By all means keep as much of that money as you like, in the current account. And any bills that you don't feel like tackling in the next few weeks, just send on to me. There is no need for you to deny yourself anything. Thanks to the incredible dullness of life on this station I am spending very little, so there is no reason why our offspring should not be born with a silver spoon in her or his mouth, even though we may have to pawn it in later years. Some time next month I'll make arrangements for increasing the monthly transfer.
I'm glad the 'Companion' [to English Lit.] has arrived. It was decent of Mr Meikle to reduce the price though that did not enter my mind when we went to him. I'm sure it is a tome that will be very useful to me in teaching.
Your report on your health makes better reading now. I think you are wise to cut down your evening engagements and get some chair pressing hours in. The milk ration for 155 [Hyndland Road] sounds colossal: one would think some ancient Roman lady was using it for toilet purposes. Maybe I'll manage to get a few drinks when I'm on leave.
Another bundle of old letters arrived yesterday including one from you, one from your Pop and the famous epistle from my uncle.[Dan Gerrard, Minister of Fintry Cof S] So next time you phone Fintry you can tell him that his honour is vindicated. Your letter was written on 13th Nov. when you were in the middle of your bad cold and expecting me daily. I can see now that the long time I took to come home, coupled with the fact that my last letter before embarking never reached you, caused a long period of anxiety and suspense for you. However, all turned out for the best.
After tea:
During tea time, the wireless was giving details of the debate in the Commons on this 5/- family allowance scheme. Some critics are complaining that it is too little to stop the decline in the birth rate. This talk about the falling birthrate always depresses me because of its implications. A country needs a large population only because firstly of recurrent wars and secondly cut-throat rivalry in trade. And if we are moving forward to an age of peace and economic cooperation it does not seem to matter if the population falls a bit. As for the other point in the debate, I suppose you as an ardent feminist are all out for the mother getting the five bob for her second child and not the brutal and selfish father.

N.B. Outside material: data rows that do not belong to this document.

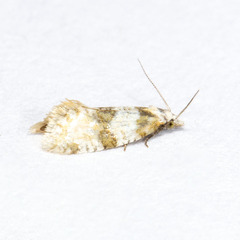 Aethes argentilimitana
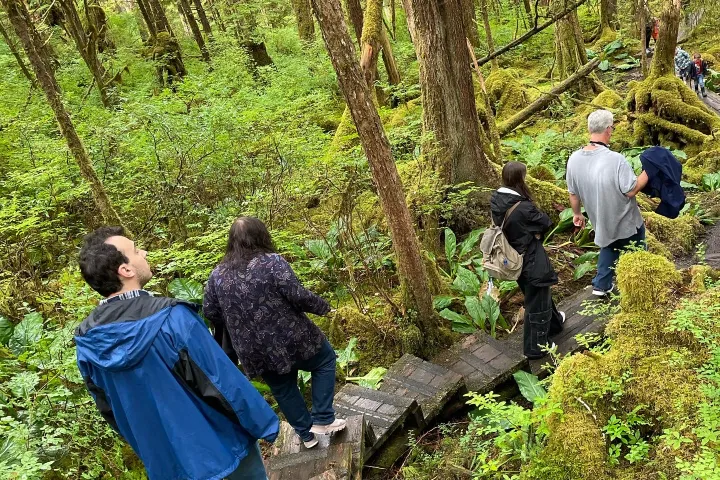a group of people in a forest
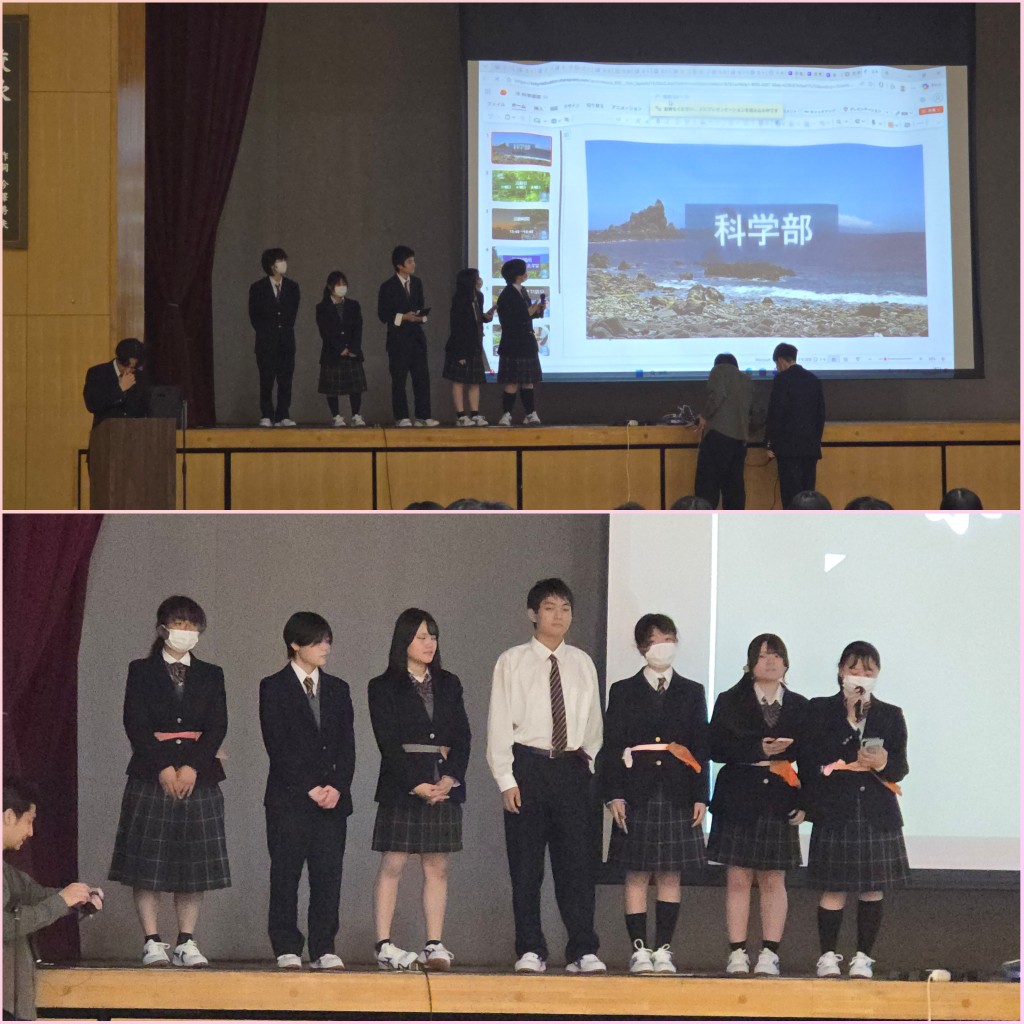 PhotoCollage_1776236334313_copy_1024x1024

The news continues to be exciting and all the less serious newspapers are filled with speculations about the date of the final collapse of Germany. They are also putting forward all kinds of "authoritative" statements and beliefs held in "responsible circles" about the the government's demobilisation scheme. But the Govt. has not as yet indicated just to what extent demobilisation is going to be carried out on Germany's defeat. I can't help feeling that the period of waiting is going to be very boring. I have completely given up hope of teachers being taken out before their demob. group. Only the building trades seem to be getting preferential treatment.
I am keeping very well ... Life continues to be very dull but because of that, time passes quickly enough in retrospect. I hope you are soon completely free from your morning disability: please continue to be as lazy as you can.
...
Note: This is the first of a number of letters that had been opened by the Censor and resealed with the label shown in the photo. It must have been an inhibiting process.
Thursday, March 3, 2011
Saturday 3 March 1945, Marks Hall
My darling,
The letter that I expected this morning came, rather unusually, by the evening post. I'm glad you have received all the extra coupons and though I understand your diffidence about letting shopkeepers into the secret at such an early date, I hope you won't let anything prevent you from demanding and devouring every extra that you are entitled to. It is really a very good thing that the state should supervise women's nourishment at that time and I hope the plan remains after the war.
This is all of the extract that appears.